It is appropriate to begin with these famous quotations which together made Winston Churchill a household name a lifetime ago. To the greatest words of 1940 I have added several from earlier and later times which deserve inclusion, either for their lyrical beauty and emotional impact or their stark relevance to modern times.

Churchill was not always original. The late Colin Coote, who collected the first book of Churchillian expressions more than half a century ago,15 16 observed that “Nobody soaked in

History ever is [original], because, consciously or unconsciously, in any situation they remember that it has happened before, and what were the reactions on noble spirits.”
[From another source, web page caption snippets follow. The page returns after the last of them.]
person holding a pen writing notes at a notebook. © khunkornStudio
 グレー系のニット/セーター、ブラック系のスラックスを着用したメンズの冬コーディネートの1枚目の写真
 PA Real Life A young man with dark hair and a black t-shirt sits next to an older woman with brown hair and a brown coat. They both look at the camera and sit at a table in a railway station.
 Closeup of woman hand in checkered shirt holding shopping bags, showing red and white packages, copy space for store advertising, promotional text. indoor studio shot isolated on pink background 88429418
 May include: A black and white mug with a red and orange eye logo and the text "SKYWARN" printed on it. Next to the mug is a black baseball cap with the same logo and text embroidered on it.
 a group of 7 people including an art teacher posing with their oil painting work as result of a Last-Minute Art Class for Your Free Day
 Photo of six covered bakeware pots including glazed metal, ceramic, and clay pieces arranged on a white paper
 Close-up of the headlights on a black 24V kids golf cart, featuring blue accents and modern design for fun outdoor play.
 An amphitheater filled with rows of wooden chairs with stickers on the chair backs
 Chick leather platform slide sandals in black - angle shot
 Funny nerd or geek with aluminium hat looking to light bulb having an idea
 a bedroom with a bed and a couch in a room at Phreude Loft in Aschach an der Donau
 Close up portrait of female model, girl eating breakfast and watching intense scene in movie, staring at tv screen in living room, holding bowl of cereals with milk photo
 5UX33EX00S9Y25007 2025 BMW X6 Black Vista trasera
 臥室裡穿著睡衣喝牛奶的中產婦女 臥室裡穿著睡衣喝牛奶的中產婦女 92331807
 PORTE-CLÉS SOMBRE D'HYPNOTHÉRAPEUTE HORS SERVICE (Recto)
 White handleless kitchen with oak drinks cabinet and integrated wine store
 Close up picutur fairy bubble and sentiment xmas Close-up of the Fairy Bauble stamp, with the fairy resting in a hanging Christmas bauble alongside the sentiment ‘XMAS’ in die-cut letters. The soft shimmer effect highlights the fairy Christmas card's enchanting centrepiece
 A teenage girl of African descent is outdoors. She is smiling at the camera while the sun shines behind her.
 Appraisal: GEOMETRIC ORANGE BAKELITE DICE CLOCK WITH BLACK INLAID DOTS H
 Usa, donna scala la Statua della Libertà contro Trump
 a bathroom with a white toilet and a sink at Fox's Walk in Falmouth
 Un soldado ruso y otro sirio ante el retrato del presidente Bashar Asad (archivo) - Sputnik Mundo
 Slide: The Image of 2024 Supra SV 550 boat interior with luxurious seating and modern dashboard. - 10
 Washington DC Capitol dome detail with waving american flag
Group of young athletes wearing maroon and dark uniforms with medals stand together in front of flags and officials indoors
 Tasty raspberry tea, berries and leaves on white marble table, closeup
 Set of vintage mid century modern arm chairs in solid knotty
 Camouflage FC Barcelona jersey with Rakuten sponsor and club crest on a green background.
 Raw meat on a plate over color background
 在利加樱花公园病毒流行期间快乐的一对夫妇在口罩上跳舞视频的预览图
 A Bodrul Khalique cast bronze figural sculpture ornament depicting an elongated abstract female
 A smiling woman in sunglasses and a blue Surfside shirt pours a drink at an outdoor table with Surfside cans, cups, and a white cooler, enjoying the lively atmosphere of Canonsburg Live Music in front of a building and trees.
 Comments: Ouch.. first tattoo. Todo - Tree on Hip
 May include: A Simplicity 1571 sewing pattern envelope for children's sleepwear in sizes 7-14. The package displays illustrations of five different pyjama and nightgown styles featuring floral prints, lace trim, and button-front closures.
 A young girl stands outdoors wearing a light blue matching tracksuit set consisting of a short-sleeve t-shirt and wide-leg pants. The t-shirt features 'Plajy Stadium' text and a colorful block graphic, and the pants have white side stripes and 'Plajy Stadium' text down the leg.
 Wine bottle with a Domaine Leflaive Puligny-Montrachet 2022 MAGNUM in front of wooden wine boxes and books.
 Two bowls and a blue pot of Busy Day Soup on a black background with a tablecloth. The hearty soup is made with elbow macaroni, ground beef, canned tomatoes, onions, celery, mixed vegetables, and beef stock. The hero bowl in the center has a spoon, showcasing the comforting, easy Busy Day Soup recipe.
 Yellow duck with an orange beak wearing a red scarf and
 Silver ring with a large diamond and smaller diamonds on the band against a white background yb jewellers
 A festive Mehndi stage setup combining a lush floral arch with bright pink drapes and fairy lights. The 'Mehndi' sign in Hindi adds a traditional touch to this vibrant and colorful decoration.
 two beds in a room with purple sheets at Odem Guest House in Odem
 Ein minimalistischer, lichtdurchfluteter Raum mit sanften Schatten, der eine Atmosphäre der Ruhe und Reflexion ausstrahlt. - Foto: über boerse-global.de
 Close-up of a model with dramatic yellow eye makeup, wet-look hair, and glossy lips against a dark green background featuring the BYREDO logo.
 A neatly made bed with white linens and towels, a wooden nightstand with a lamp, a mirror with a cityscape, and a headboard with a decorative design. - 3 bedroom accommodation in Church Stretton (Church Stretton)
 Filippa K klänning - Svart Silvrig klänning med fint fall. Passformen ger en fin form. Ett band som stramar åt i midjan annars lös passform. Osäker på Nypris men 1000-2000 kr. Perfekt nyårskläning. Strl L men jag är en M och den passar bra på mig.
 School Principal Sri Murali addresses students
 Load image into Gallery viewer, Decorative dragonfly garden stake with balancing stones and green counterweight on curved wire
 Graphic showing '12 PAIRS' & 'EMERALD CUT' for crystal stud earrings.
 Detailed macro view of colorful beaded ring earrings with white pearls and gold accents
Coote added, for example, that “blood, toil, tears, and sweat” was “a direct echo of Garibaldi’s address to his followers after the defence of the Roman Republic had collapsed and he was about to start on his march across Italy”. Or again, when in his first speech as Prime Minister, Mr. Churchill defined his policy as “to make war”, he was echoing Clemenceau’s “Je fais la guerre”; and the famous passage in a later speech about fighting “on the beaches, in the hills, in the streets” recalls the same leader’s fierce declamation in 1918: “I shall fight in front of Paris, within Paris, behind Paris.”17

But nothing, as Sir Winston said, surpasses 1940. Denounced by some as purple prose, those words rallied a nation when there was little with which to fight. Ronald Golding, one of Churchill’s Scotland Yard bodyguards in 1946, was an RAF squadron leader when he first heard the famous voice, crackling over the ether on a primitive wireless. “After those speeches,” he said, “we wanted the Germans to come.”

Far away in his barracks, a young soldier named Caspar Weinberger heard the same words on American radio. “I don’t know about the others,” said the man who would become U. S. Secretary of Defense, “but I was certainly moved more completely than I had been by any speech since.”18

Perhaps these words sound like purple prose today, but I can recount many occasions when people who had heard them over crackling, surreptitious radio broadcasts in occupied Europe, would grasp the arm of Lady Soames to say how much her father’s words had meant, in those times, in that hour.

These quotations are ranged in chronological order and identified by their most famous phrase. Space precludes providing more than the highest of the high spots, but more are available in an admirable collection, Never Give In!: The Best of Winston Churchills Speeches, selected and edited by Sir Winston’s grandson; in Churchill’s own war speech volumes; and in the massive Complete Speeches, edited by Sir Robert Rhodes James.